__Stored data entries__.
● ● ●
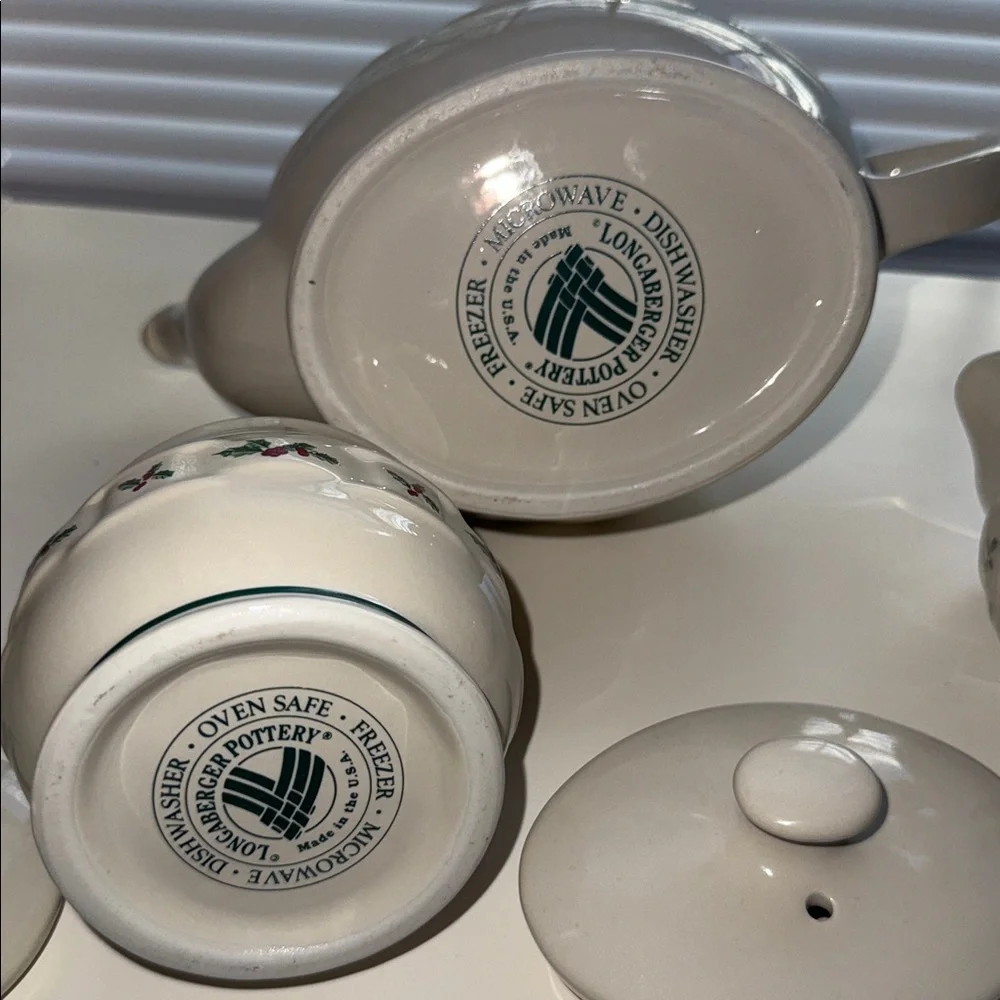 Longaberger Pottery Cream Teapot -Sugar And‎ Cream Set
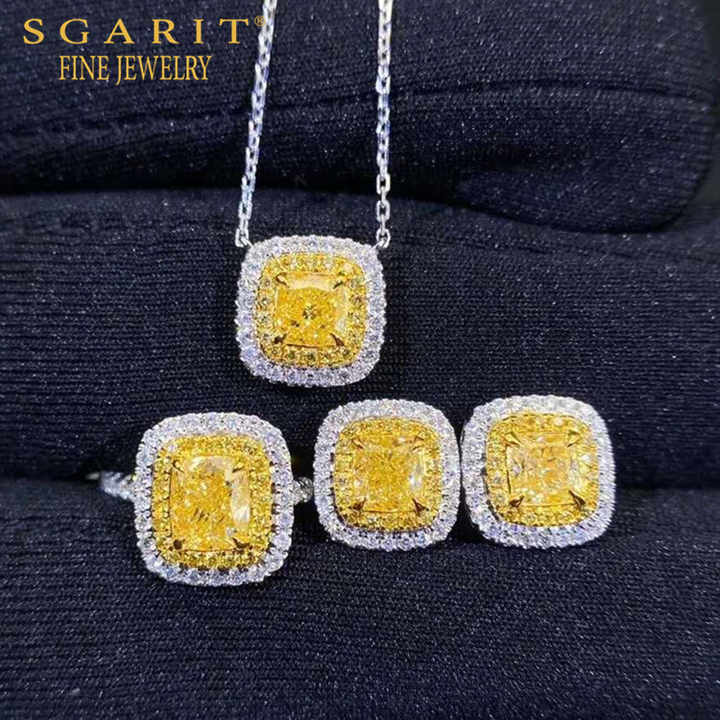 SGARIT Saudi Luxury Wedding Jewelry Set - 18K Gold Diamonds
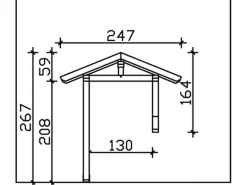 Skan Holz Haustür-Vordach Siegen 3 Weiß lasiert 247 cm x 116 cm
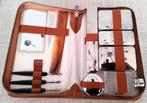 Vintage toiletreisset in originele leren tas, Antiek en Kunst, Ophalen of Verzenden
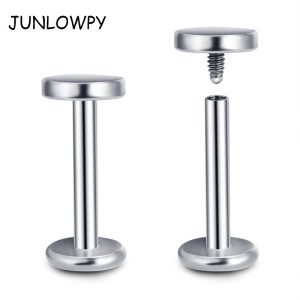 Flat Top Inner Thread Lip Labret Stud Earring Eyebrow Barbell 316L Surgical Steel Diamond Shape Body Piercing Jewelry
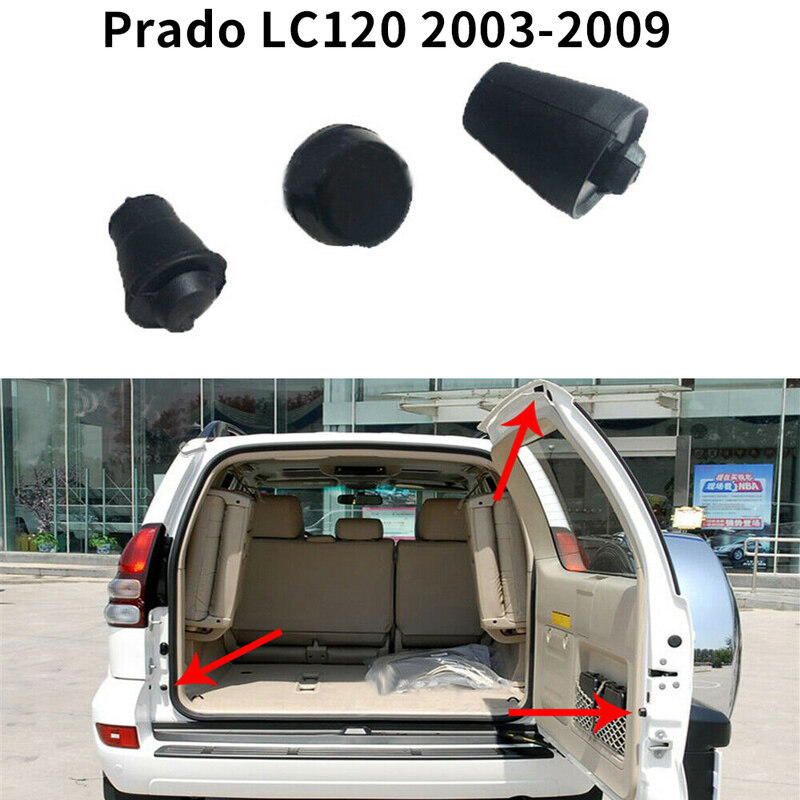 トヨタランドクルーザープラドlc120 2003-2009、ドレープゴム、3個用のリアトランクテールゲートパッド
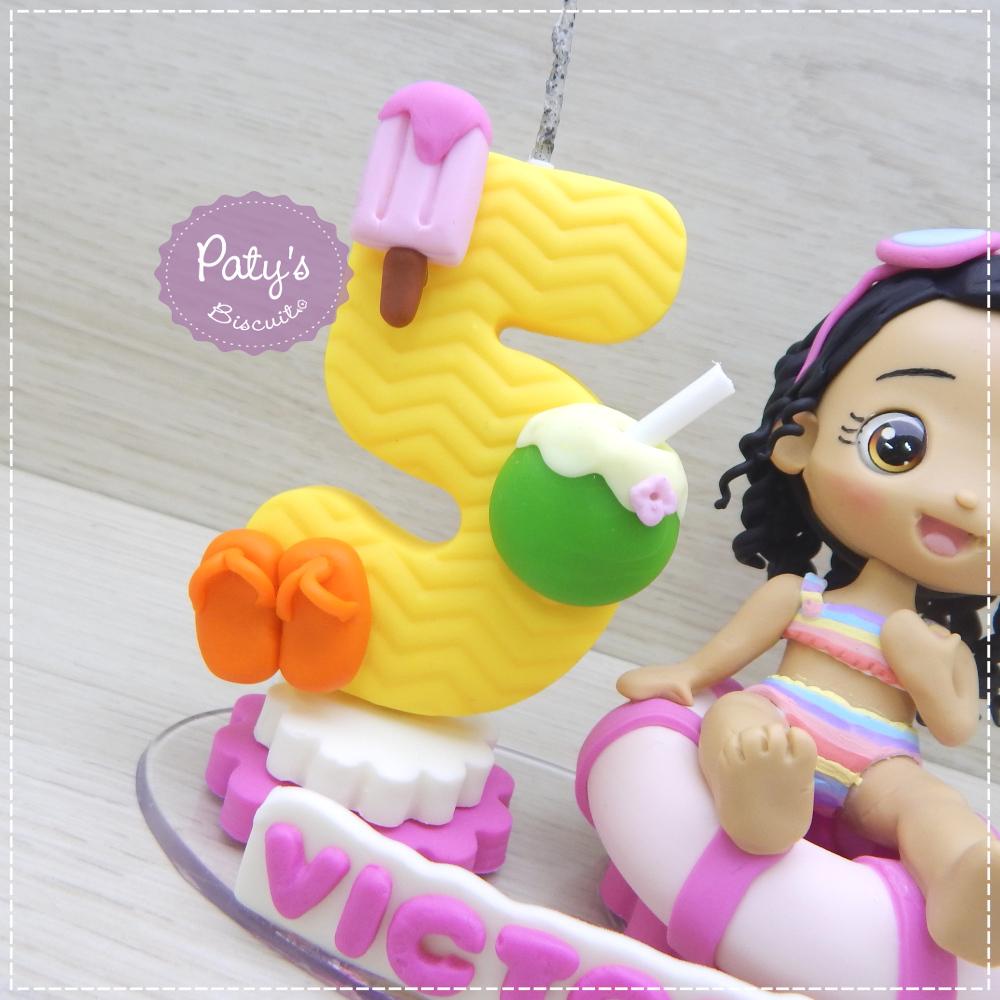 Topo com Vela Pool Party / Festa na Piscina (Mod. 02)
● ● ●
__Problem description__. Lines from the one containing "トヨタランドクルーザープラド" through the final line of the entries above are to be retyped exactly, with every picture left out.

__Reply to the task__.
 トヨタランドクルーザープラドlc120 2003-2009、ドレープゴム、3個用のリアトランクテールゲートパッド
 Topo com Vela Pool Party / Festa na Piscina (Mod. 02)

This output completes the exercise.